Schools like South Dakota State, Minnesota and Iowa were in contact with Prodzinski during his junior season. He was very much looking forward to the following summer for that reason. That time is an important one for any college recruit, as it features summer camps, visits, contact with coaches and other recruits. Unfortunately for Prodzinski, that summer took a different turn.
A change of plans
Prodzinski remembers it like it was yesterday.
His junior basketball season was off and running for a Winona team that was surprising a few under first-year coach Kyle Martin and the Winhawks were looking for a statement win against perennial power Waseca at the annual Lewiston Auto Holiday Classic at Winona State.
Prodzinski went up for a layup, and something went wrong. He originally thought he had just hyperextended his left knee, but it quickly came to fruition that it was something much worse.
“It burned so bad,” he said. “It just did not feel right. It kept giving out on me. It … It really hurt.”
He had torn his ACL.
It was a gut punch. Not only did it mean missing the rest of the basketball season, but it also put his senior season of football in jeopardy, as well as push back his recruiting.
“That really reduced the stuff that he was able to do all summer long,” Winona football coach John Cassellius said. “So with that being as it was, he was a kid that wasn’t able go to camps and wasn’t able to do some of the other things because of that injury.
“So in turn, what that ends up doing for him, it kind of pushes his recruiting just a little bit later as far as, ‘OK, where are things at? How are things progressing?’ He wasn’t a late bloomer, but his recruiting just happened later because of his injuries.”
Prodzinski would be the first to tell you he wasn’t too worried about his recruiting. He knew his capabilities when healthy and knew schools would be after him, but he still didn’t want to miss any of his senior season. He worked his butt off, doing everything he could to not miss a snap of his senior year. He was cleared the first day of August practice, but he still wasn’t in the shape he needed to be in.
“He put in a lot of time in the weight room in the, but as soon as our season kind of hit, it was like ‘OK, in order to get you back on the field, you’re going to have to put in a lot of extra time getting yourself in shape,’” Cassellius recalled. “And he did that. He was in the pool rehabbing, doing all the stuff that he could.”

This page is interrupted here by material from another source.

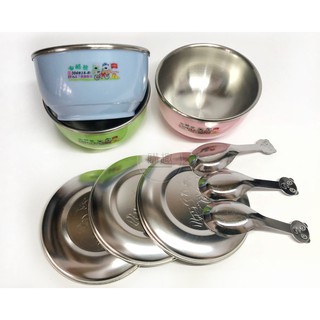 【臺灣製-正304#不鏽鋼】兒童雙層隔熱三色兒童碗 304不銹鋼餐具三色碗 幼稚園專用 不鏽鋼上蓋 兒童三色碗 不鏽鋼碗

He missed a couple of games as a precaution, but once he got back to his old self, Prodzinski’s game took off.
“As the season progressed, he got stronger and got back into shape,” Cassellius said. “It just took him a bit longer to get there just because of the injury. Once he was back, he definitely showed people how good he was and why he was recruited and all that kind of stuff.”
Iowa State offered a scholarship midway through the season with South Dakota making a hard push as well, but Prodzinski knew that wasn’t the right fit for him.
“I always felt like my place was D-II,” he said.
Prodzinski had a slew of D-II offers to pick from, as Sioux Falls, Northern State, MSU-Mankato and Southwest Minnesota State all presented offers a year after Winona State did the same. In the end, the chance to play for a powerhouse like MSU-Mankato — which played in the NCAA Division II championship game last season — was what sold him. After receiving the offer in late January, Prodzinski committed a week later.
“I knew Mankato was the place, because the coaches were great,” Prodzinski said. “And I loved the school. The campus was a nice walking distance, it wasn’t large like Minnesota. Such a great program — which I just love, because I really wanted to be on a winning team.”
Of course, Prodzinski was on plenty of winning teams during his four years that resulted in four straight state trips, a 42-5 record and with seven of their 15-member senior class playing college football after graduation. Although, it didn’t end like any of them wanted to, Prodzinski knows what they accomplished together was special.
“We put our hearts into our program,” Prodzinski said. “It was just a great thing for all of us. It just proves that we worked really hard and good things will happen.
“It’s just cool, because we all set out to play college football and accomplished that.”